Dilansir dari buku Geografi (2009) susunan Dibyo Soegimo dan Ruswanto, angin diberi nama sesuai arah datangnya dan dibagi menjadi dua kelompok sistem yaitu, angin bersifat umum dan angin bersifat lokal, berikut uraiannya.

Angin bersifat umum

  • Angin barat

Angin barat berembus dari lintang 35° LU/LS menuju 60° LU/LS. Karena pengaruh coriolis, angin barat mengalami pembelokan. Di belahan bumi selatan, angin berembus dari barat laut, sedangkan di belahan bumi utara dari barat daya.

  • Angin kutub

Angin kutub berembus dari daerah di sekitar kutub ke arah daerah sedang.

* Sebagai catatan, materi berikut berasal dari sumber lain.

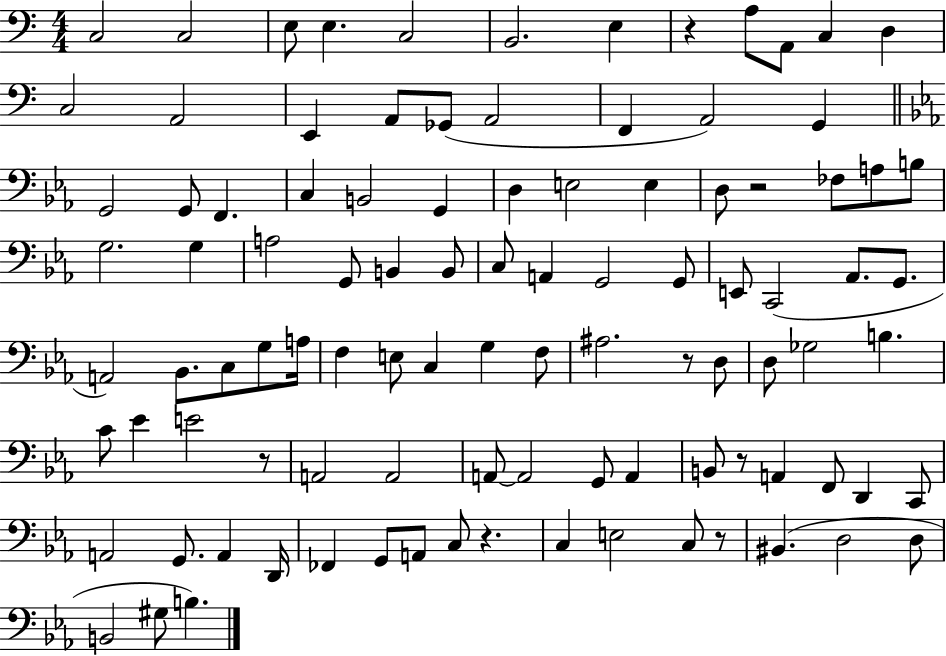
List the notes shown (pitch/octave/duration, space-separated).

C3/h C3/h E3/e E3/q. C3/h B2/h. E3/q R/q A3/e A2/e C3/q D3/q C3/h A2/h E2/q A2/e Gb2/e A2/h F2/q A2/h G2/q G2/h G2/e F2/q. C3/q B2/h G2/q D3/q E3/h E3/q D3/e R/h FES3/e A3/e B3/e G3/h. G3/q A3/h G2/e B2/q B2/e C3/e A2/q G2/h G2/e E2/e C2/h Ab2/e. G2/e. A2/h Bb2/e. C3/e G3/e A3/s F3/q E3/e C3/q G3/q F3/e A#3/h. R/e D3/e D3/e Gb3/h B3/q. C4/e Eb4/q E4/h R/e A2/h A2/h A2/e A2/h G2/e A2/q B2/e R/e A2/q F2/e D2/q C2/e A2/h G2/e. A2/q D2/s FES2/q G2/e A2/e C3/e R/q. C3/q E3/h C3/e R/e BIS2/q. D3/h D3/e B2/h G#3/e B3/q.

Di belahan bumi utara angin berembus dari timur laut, sedangkan di belahan bumi selatan dari tenggara.

  • Angin pasat

Berembus dari daerah subtropis menuju daerah khatulistiwa karena pengaruh coriolis di belahan bumi utara udara berbelok ke kiri, dan disebut angin pasat timur laut. Adapun di belahan bumi selatan udara berbelok ke kanan dan disebut angin pasat tenggara. Di Indonesia, angin pasat timur laut berlangsung pada bulan Januari, sedangkan angin pasat tenggara berlangsung pada bulan Juli.

  • Angin anti pasat

Angin anti pasat merupakan udara ringan yang bergerak naik ke atas khatulistiwa, selanjutnya mengalir secara mendatar ke wilayah subtropis. Angin anti pasat turun sebagai angin kering di daerah lintang 25° LU/LS - 30° LU/LS dan menyebabkan terbentuknya gurun.

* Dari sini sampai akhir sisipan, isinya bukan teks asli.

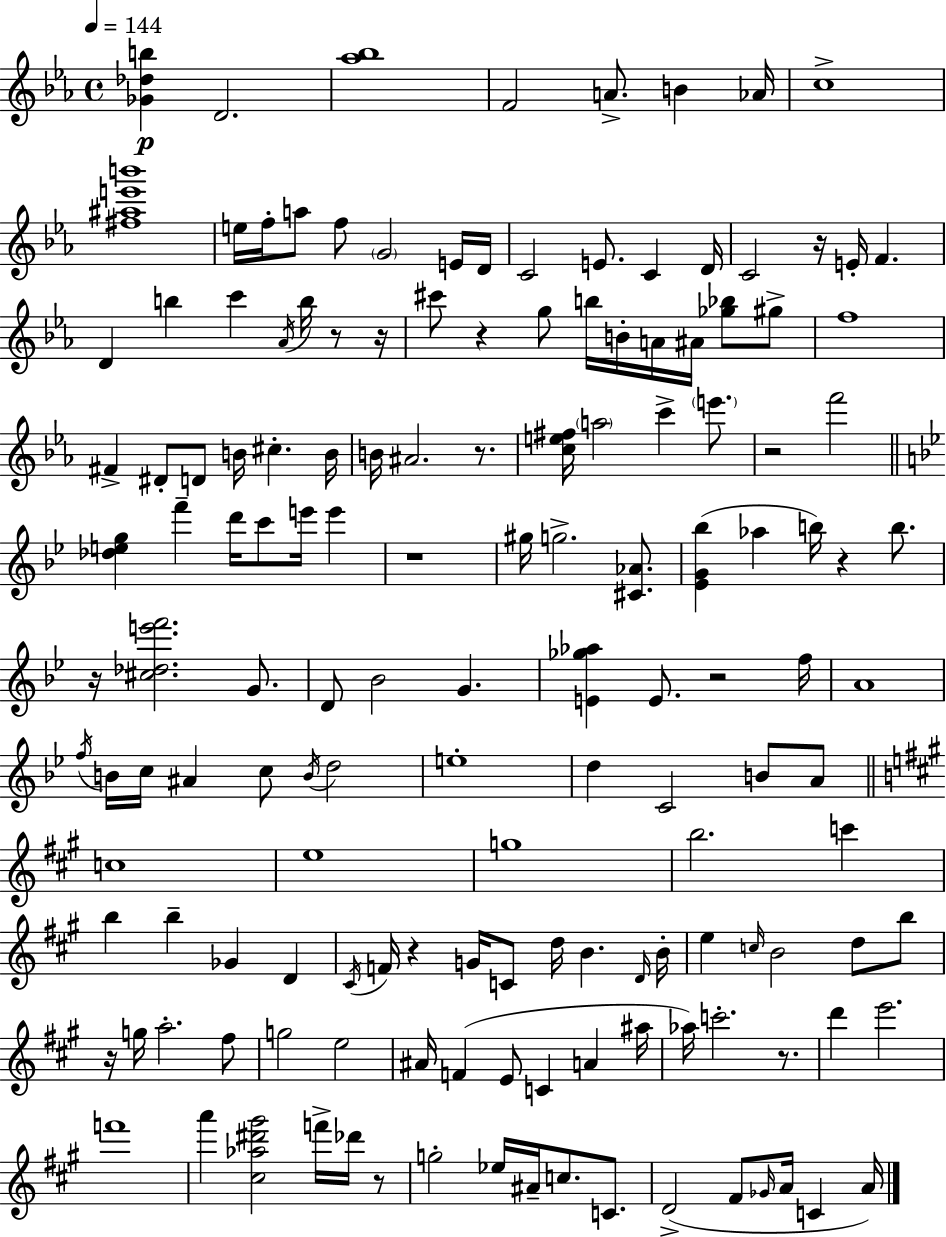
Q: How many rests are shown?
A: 14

  • Angin siklon dan anti siklon

Angin siklon adalah arus udara berbentuk spiral dan bergerak ke pusat arus udara yang bertekanan rendah. Angin siklon yang terjadi di belahan bumi utara berputar berlawanan dengan arah putaran jarum jam, terjadi pada bulan Mei hingga Desember.

Angin siklon yang terjadi di belahan bumi selatan berputar searah dengan putaran jarum jam, terjadi pada bulan Desember hingga Maret atau April.

Angin anti siklon adalah arus udara yang tertiup dari daerah bertekanan tinggi di pusat arus udara dan membentuk lengkungan. Angin siklon di belahan bumi utara berputar searah putaran jarum jam, sedangkan di belahan bumi selatan berlawanan dengan putaran jarum jam.

Angin musim (monsoon/muson)

Angin yang embusannya selalu berganti arah secara berlawanan setiap setengah tahun. Angin musim bertiup di daerah tropis/


Angin bersifat lokal

  • Angin darat

Angin yang bertiup dari darat ke laut. Pada malam hari, temperatur laut lebih tinggi dari pada darat sehingga tekanan udara lebih rendah. Oleh karena itu, terjadi pergerakan udara dari darat ke laut.

  • Angin laut

Angin yang bertiup dari laut ke darat. Pada siang hari, temperatur darat lebih tinggi dari pada laut sehingga tekanan udaranya lebih rendah. Oleh karena itu, terjadi pergerakan udara dari laut ke darat yang disebut angin laut.

  • Angin lembah

Angin yang bertiup dari lembah ke puncak gunung. Saat puncak gunung banyak menerima sinar matahari, suhunya menjadi lebih tinggi dan tekanan udaranya rendah. Oleh karena itu, udara bergerak dari lembah ke puncak gunung.

  • Angin gunung

Angin yang bertiup dari puncak gunung ke lembah. Pada malam hari puncak gunung kehilangan banyak panas sehingga suhunya lebih dingin dari pada lembah. Oleh karena itu, udara bergerak dari puncak gunung ke lembah.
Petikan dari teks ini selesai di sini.